The palpable buzz after a 6-4 victory in Game 1 in the qualifying round against Edmonton is gone after a concerning defensive performance that was accompanied by a lot of positional and puck-handling sloppiness in Game 2. Led by Connor McDavid’s first career playoff hat trick and puck donations from Corey Crawford, Ryan Carpenter, and Alex Nylander, it was the Oilers’ turn to put up half a dozen on the scoresheet.
Crawford was completely hung out to dry by his defense. Well, except for the fifth goal when he put it on a silver platter for James Neal. Adam Boqvist looked exactly like a 19-year-old in his first ever postseason action, especially on the first goal – which came 19 seconds into the game. Boqvist cheated on the completely other end of the ice, and a loose puck found the best player in the world uncontested in front of Crawford for his first of three. A few minutes later, Olli Maatta, known for not being so fleet of foot on the blueline, got beat from the neutral zone and in by McDavid who also showed off an excellent backhand that he sent to the roof of the net.

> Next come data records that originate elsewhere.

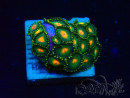 WYSIWYG - Zoanthus Mariculture Indo Acclimaté sous led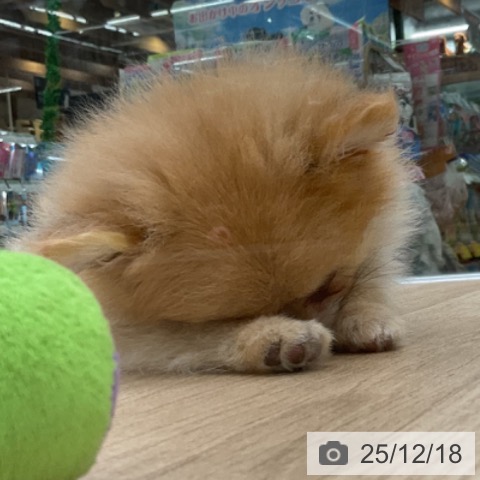 福島県のポメラニアン (ペットプラス 福島店/2025年10月7日生まれ/女の子/オレンジ)の子犬の4枚目の画像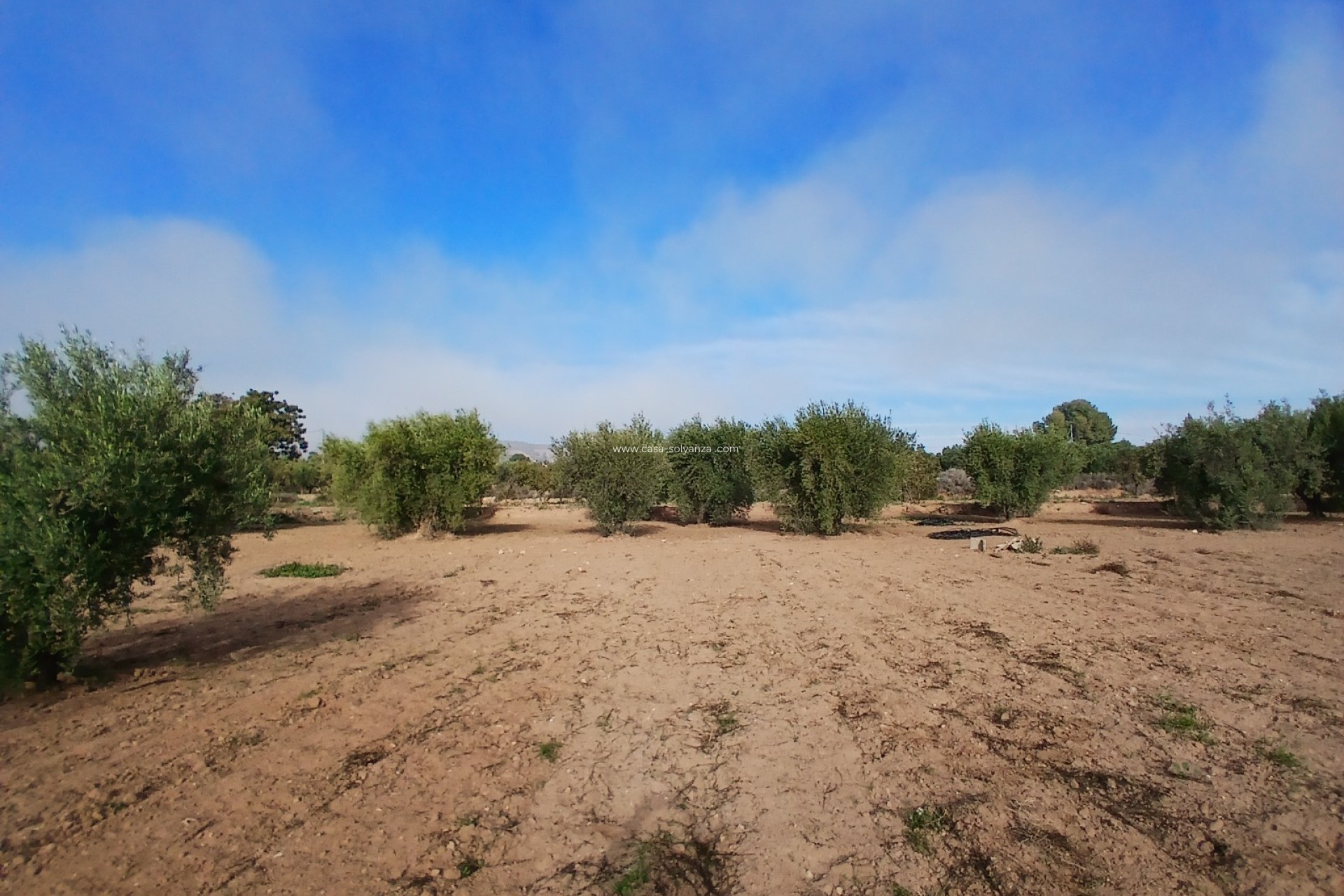 Resale - Country Property/Finca - Jumilla - Inland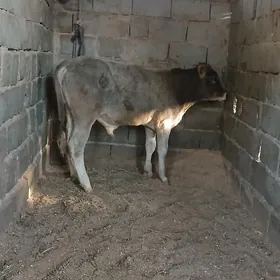 öküz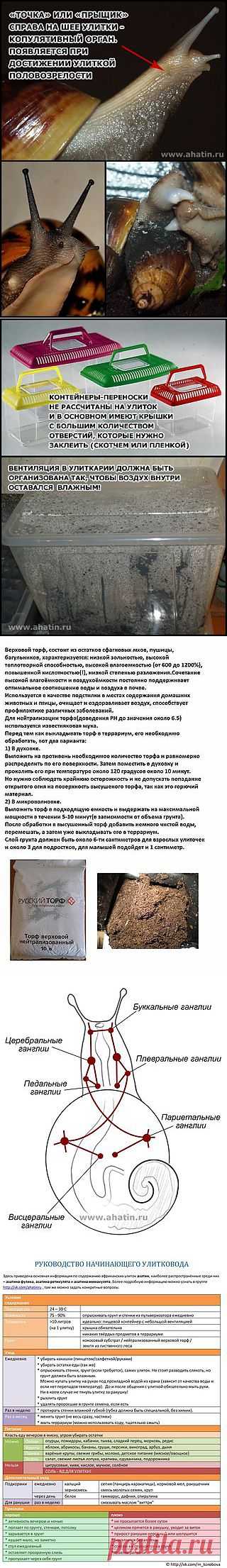 СОДЕРЖАНИЕ УЛИТОК В ДОМАШНИХ УСЛОВИЯХ | MySnails.ru (АХАТИН.РФ) - Мои Улитки | ВКонтакте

The third goal is where we begin to focus on lineup changes. Nylander failed to handle a simple outlet pass in the neutral zone. Unfortunately for him too, a shot went off his stick and redirected past Crawford for the third goal. That was a microcosm of Nylander’s season (and young career). He hasn’t made smart plays and has been soft on the puck all season.
Drake Caggiula’s suspension also loomed large. He’s one of few Blackhawks that plays with sandpaper, and he can contribute offensively on the third line. John Quenneville hardly played, and Nylander was brutal. His return will be much welcomed in Game 3.

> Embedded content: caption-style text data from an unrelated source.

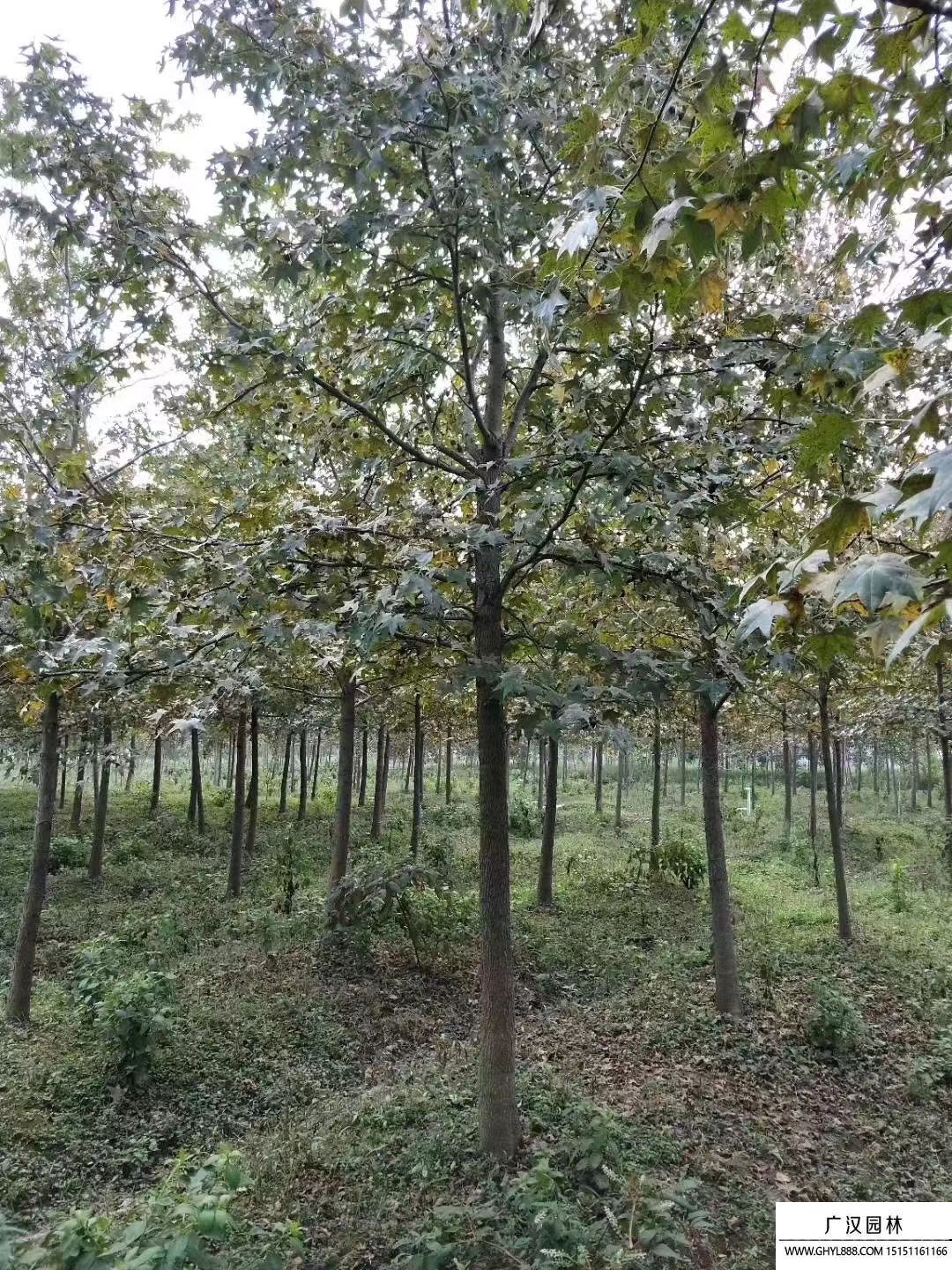 楓香樹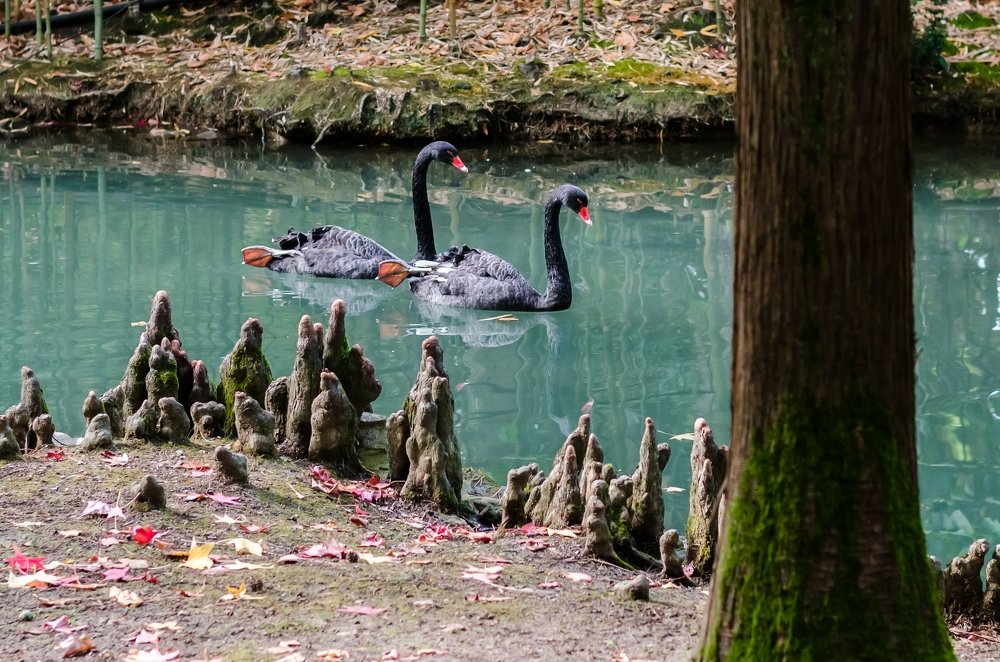 Photograph by Марина Анчукова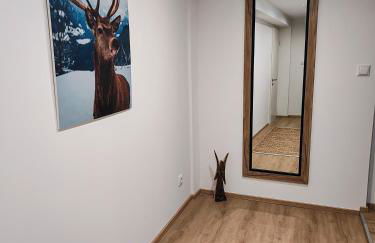 Ferienwohnung RESL - geschmackvoll renoviert & zentral im historischen Schindelhaus - Foto 3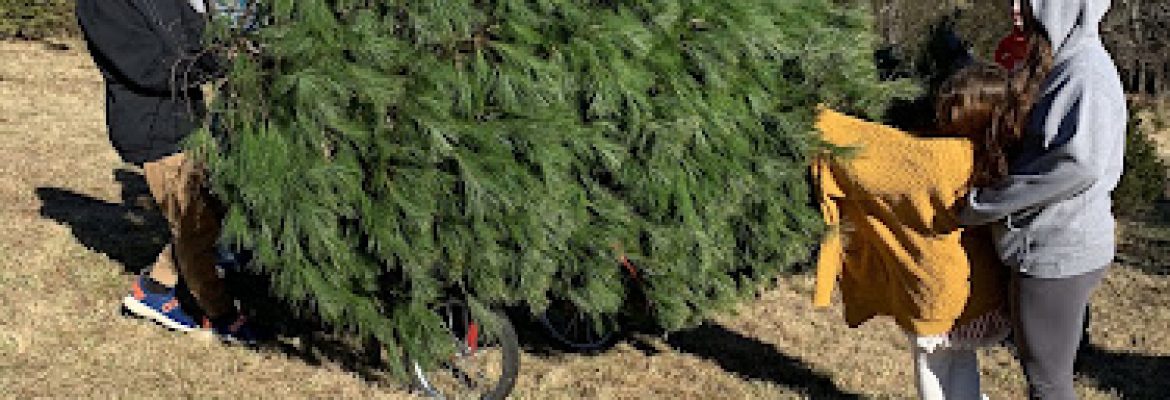 Harmony Farm Christmas Trees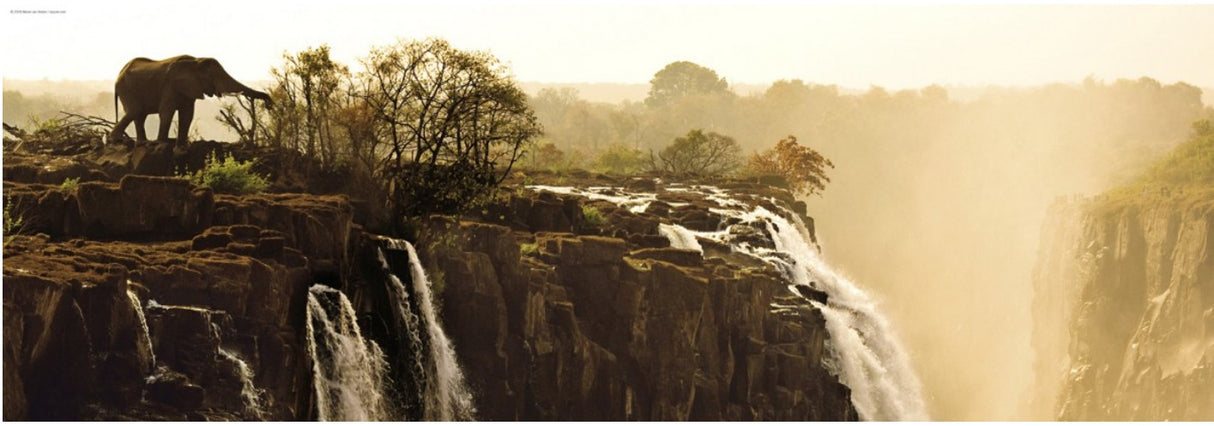 Éléphant - Casse-tête de 1000 pièces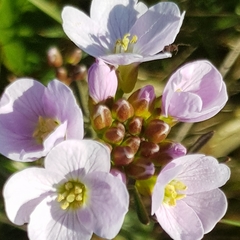 Cardamine pratensis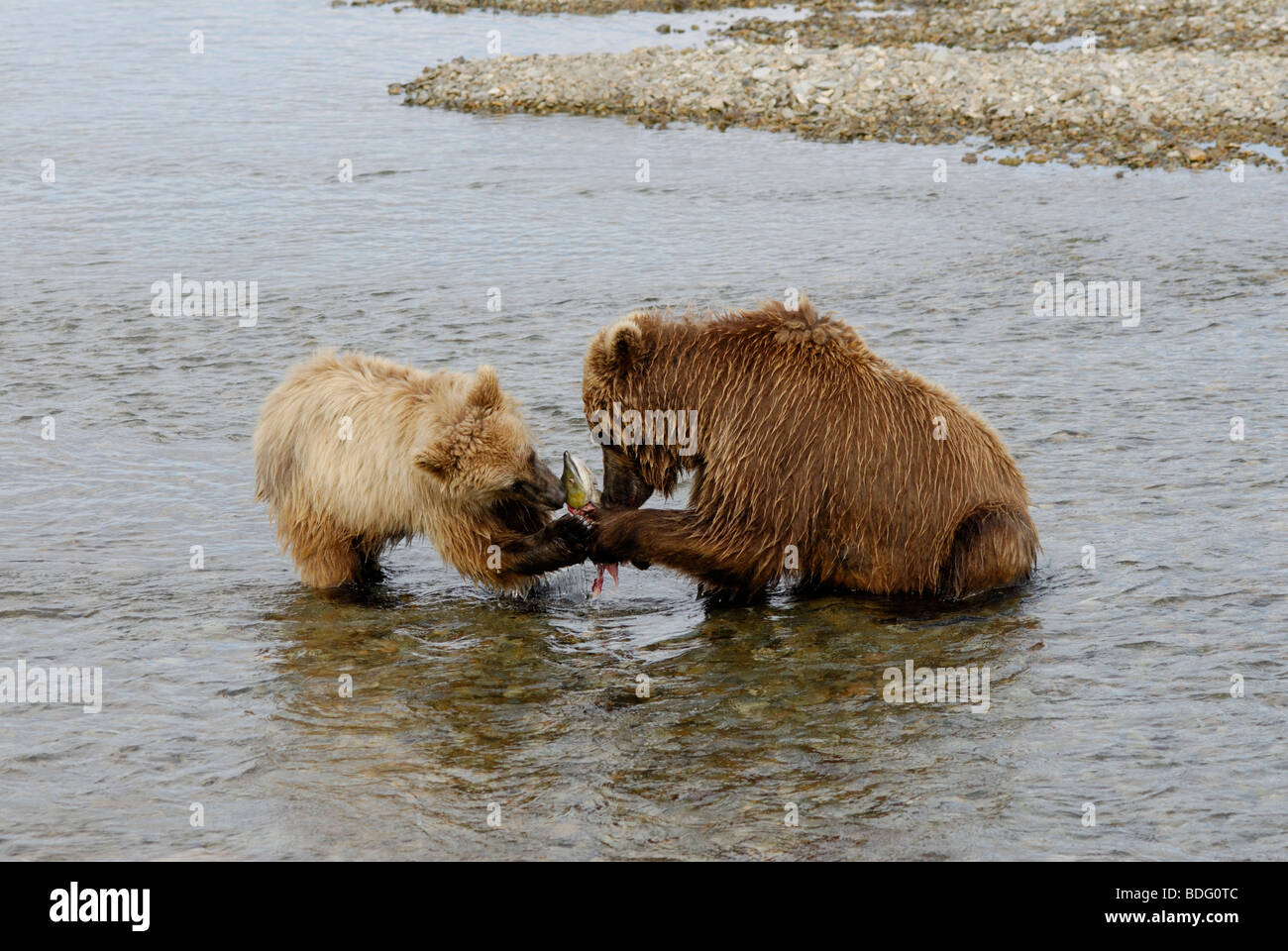 Brown bear or grizzly bear, Ursus arctos horribilis, sow sharing salmon with cub. Stock Photo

I also thought Dylan Strome had a poor game, and he and Boqvist could not remove James Neal of the puck after Crawford’s gaffe for the sixth goal. I thought overall Kirby Dach had a strong game, but fresh off tying the game at three, you can’t take a neutral zone penalty against the best NHL power play of the last four decades. They’re damn near automatic. When you come back from a 3-1 deficit to tie, you can’t take a bad penalty in a non-danger area. Carpenter had a terrible clearing effort on the backhand which led to McDavid’s centering pass double-deflecting off Hawks into the net, but to be 4-on-5 in that scenario was tough.
Overall, here’s what I’d do:
- Leave Saad-Toews-Kubalik alone. They’re awesome.

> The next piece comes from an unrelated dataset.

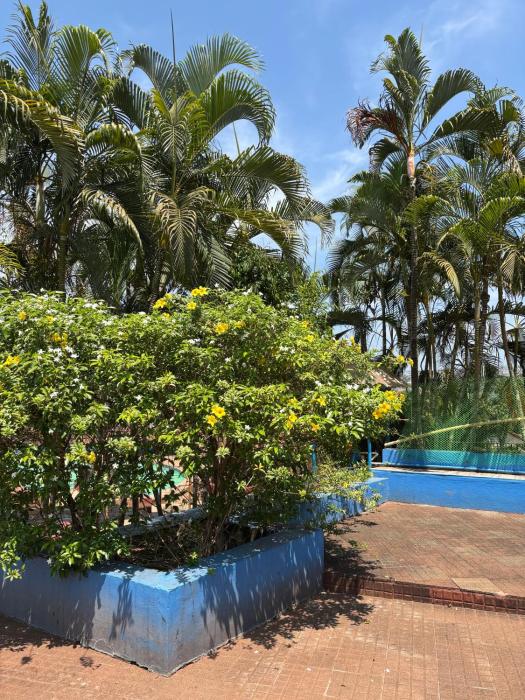 manasa water park and resort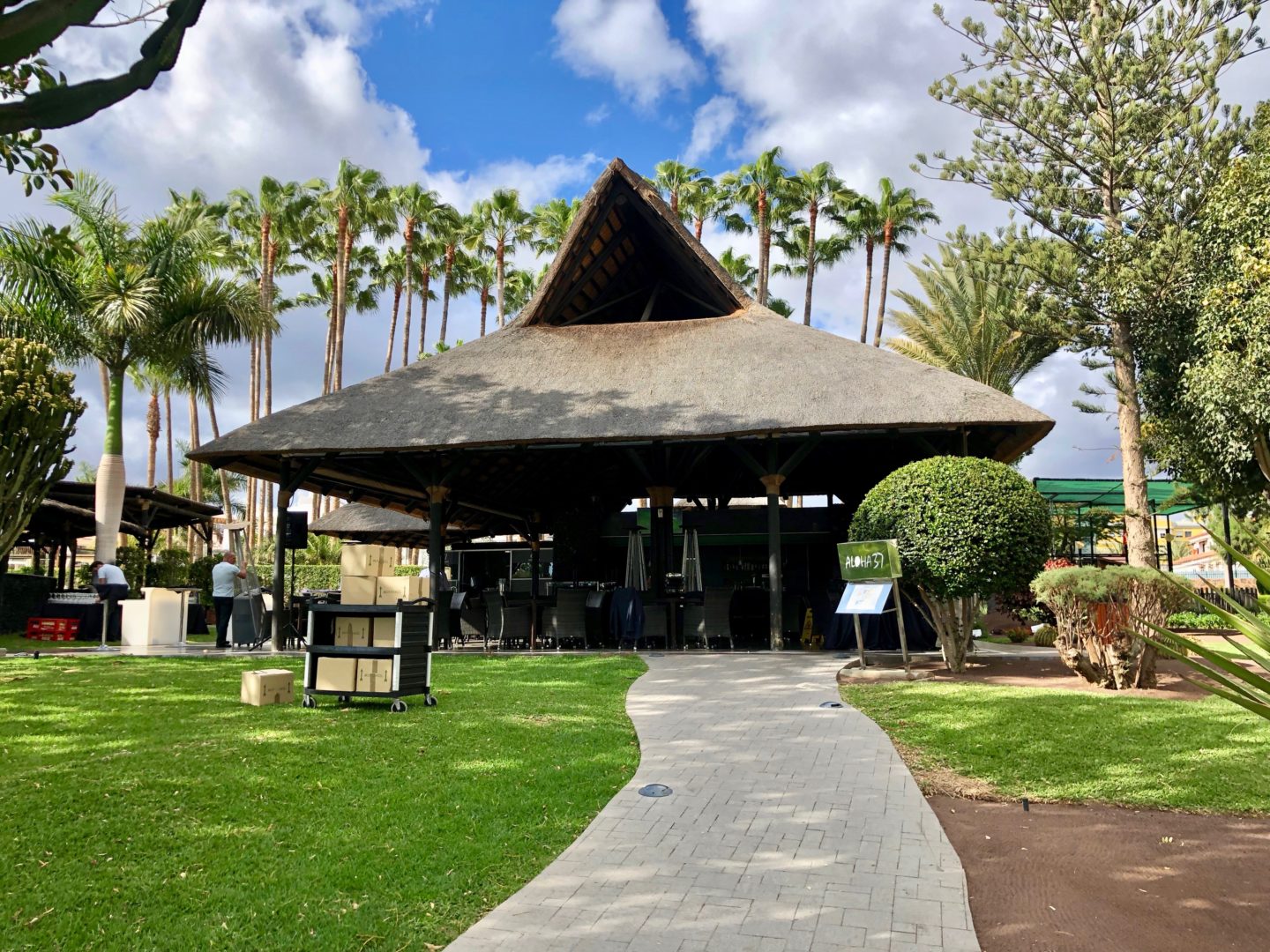 Occidental Margaritas, Gran Canaria, family holiday review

- I’d put Dach between DeBrincat and Kane.
- With Dach up, you move Strome down and put him on the wing. Carpenter is capable of being a third-line center. I think Caggiula-Carpenter-Strome could be a strong third line.
- Sit Nylander and Quenneville (who Colliton obviously didn’t trust). I’m going for grit here on the fourth line to grind down a finesse team like Edmonton. That line should consist of Matthew Highmore, David Kampf, and newly-inserted Dylan Sikura or Brandon Hagel.